Im oberpfälzischen Heimatort eines wegen Kindesmissbrauchs verurteilten Priesters regt sich Widerstand gegen die Umbenennung einer Straße. Anwohner haben hunderte Unterschriften für ein Bürgerbegehren gesammelt.

Georg Zimmermann war ein Regensburger Priester. Er war Diözesanmusikdirektor – und ein wegen Kindesmissbrauchs verurteilter Straftäter, der dafür im Gefängnis saß. In seiner Heimatgemeinde Eslarn im Oberpfälzer Wald war er jedoch auch danach noch ein Mann, der in hohem Ansehen stand. Seit 1973 verbrachte er dort seinen Ruhestand. Eine Straße ist nach ihm benannt. Auf Initiative des Betroffenenbeirats im Bistum Regensburg beschloss der Eslarner Gemeinderat im Mai eine Umbenennung. Dagegen regt sich nun heftiger Widerstand.

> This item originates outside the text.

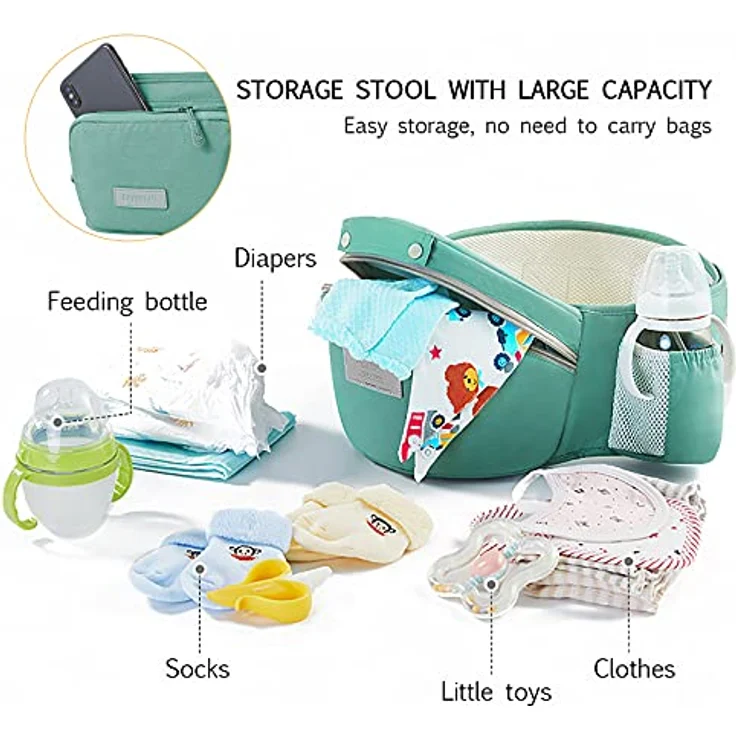 SONARIN Multifunktions 3-in-1 Babytrage mit Hüftsitz,Reine Baumwolle 3D Air Mesh Atmungsaktive Babytrage für Baby 0-36 Monate,Ergonomisch,Einstellbar,Alle Positionen,Bis zu 30 KG(Cyan) – Bild 5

Anlieger der Georg-Zimmermann-Straße haben ein Bürgerbegehren gegen die Umbenennung beantragt und dafür etwa 650 Unterschriften gesammelt. Eine beträchliche Zahl angesichts der 2.750 Einwohner, die die Marktgemeinde Ende 2023 hatte. Am Montag informierte Bürgermeister Reiner Gäbl den Betroffenenbeirat über den Vorgang.

“Ich bin erschüttert und traurig, dass so viele Bürgerinnen und Bürger das Ansinnen unterstützen”, schreibt Gäbl. Und: “Der Antrag wird wohl zugelassen werden müssen.” Die Entscheidung werde in der Gemeinderatssitzung am 30. Juli fallen.

Erschüttert äußerte sich auch die Sprecherin des Betroffenenbeirats, Josefa Schalk. “650 Leute haben für die Ehrung eines Kinderschänders unterschrieben”, sagte sie am Dienstag der Katholischen Nachrichten-Agentur (KNA). Eine von Zimmermann missbrauchte Person gehöre ihrem Gremium an, die heute noch in Eslarn lebe. Diese habe dem Beirat detailliert ihre Erlebnisse geschildert. “Wir haben das im Gemeinderat vorgetragen”, sagte Schalk. Daraufhin votierte das Gremium mit 9 zu 6 Stimmen für eine Umbenennung. Auch der Regensburger Bischof Rudolf Voderholzer stellte sich hinter dieses Anliegen.

Die Antragsteller des Bürgerbegehrens dagegen argumentieren so: Gegen Zimmermann (1916-1984) habe es nach der Haftentlassung bis zu seinem Tod weder Anzeigen noch polizeiliche Ermittlungen gegeben. “Erst lange nach seinem Tod äußerten sich vermeintlich Betroffene. Eine juristische Aufarbeitung war demnach nicht mehr möglich.” Zudem sei die Umbenennung der Straße für jeden Anwohner mit einem “immensen organisatorischen und finanziellen Aufwand” verbunden.

Die Gemeinderatssitzung nächste Woche könnte erneut turbulent werden. Josefa Schalk ist sich nicht sicher, ob sie dazu noch einmal nach Eslarn fährt. Bereits im Frühjahr sei die Stimmung sehr aufgeheizt gewesen, sie und der Betroffenenbeirat seien angefeindet worden, sagt sie. Nun steht die Frucht von eineinhalb Jahren Recherchen und Überzeugungsarbeit ihres Gremiums auf dem Spiel.

Zimmermann war 1969 vom Landgericht Weiden wegen mehrerer Fälle von teils schwerer “Unzucht mit Abhängigen” zu einem Jahr und acht Monaten Haft verurteilt worden. Als er 15 Jahre später in Eslarn starb, hieß es in einem Nachruf, er habe in der Marktgemeinde “fast an die achtzig Kinder und Jugendlichen zu musikalischer Reife geführt und deren Begabungen verfeinert”.

Josefa Schalk glaubt indes weiterhin, “dass es in dem Ort noch weitere Missbrauchsopfer gibt, die sich aber noch nicht zu sprechen trauen”. Deshalb dürften sich auch die Unabhängige Aufarbeitungskommission des Bistums Regensburg und der mit einer bistumsweiten Missbrauchsuntersuchung beauftragte Regensburger Rechtsanwalt Ulrich Weber für die Ereignisse in Eslarn interessieren.